Ce texte, je le voterai, bien qu'il tortille un peu de la plume et qu'il lui manque le courage de la clarté. Pour ma part, j'aurais tout simplement interdit toute forme de manifestation religieuse. Certes, il faudrait prendre en considération l'article 9 de la Convention européenne des droits de l'homme, mais il serait toujours possible de s'entendre sur la notion de « manifestation ».

Peu importe la religion ou le signe : quand on est en contact avec le public, en raison du respect du principe de neutralité, on n'exprime pas sa religion. Et que l'on ne vienne pas me dire qu'il s'agit d'une atteinte au « meilleur vivre et travailler ensemble » ! Qu'est-ce que cela signifie ? Cette expression semble tout droit sortie d'une pièce de boulevard !

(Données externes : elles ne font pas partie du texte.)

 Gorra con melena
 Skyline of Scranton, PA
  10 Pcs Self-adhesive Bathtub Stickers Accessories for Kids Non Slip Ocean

Il faut pacifier ce pays, et le seul moyen, c'est de demander aux cornettes, aux voiles et aux croix de ne plus s'exhiber, de manière que nous puissions vivre ensemble. Vous prétendez qu'il y aurait des stigmatisés de la laïcité, mais c'est absurde ! Il s'agit, non pas de stigmatiser qui que ce soit, mais d'avoir la paix : une paix sociale, une paix religieuse, une paix publique. De ce point de vue, votre texte devrait être plus clair, afin de sortir de ce communautarisme que d'aucuns utilisent pour diviser la République, et permettre à de soi-disant « stigmatisés » de se gargariser d'un « meilleur vivre et travailler ensemble ».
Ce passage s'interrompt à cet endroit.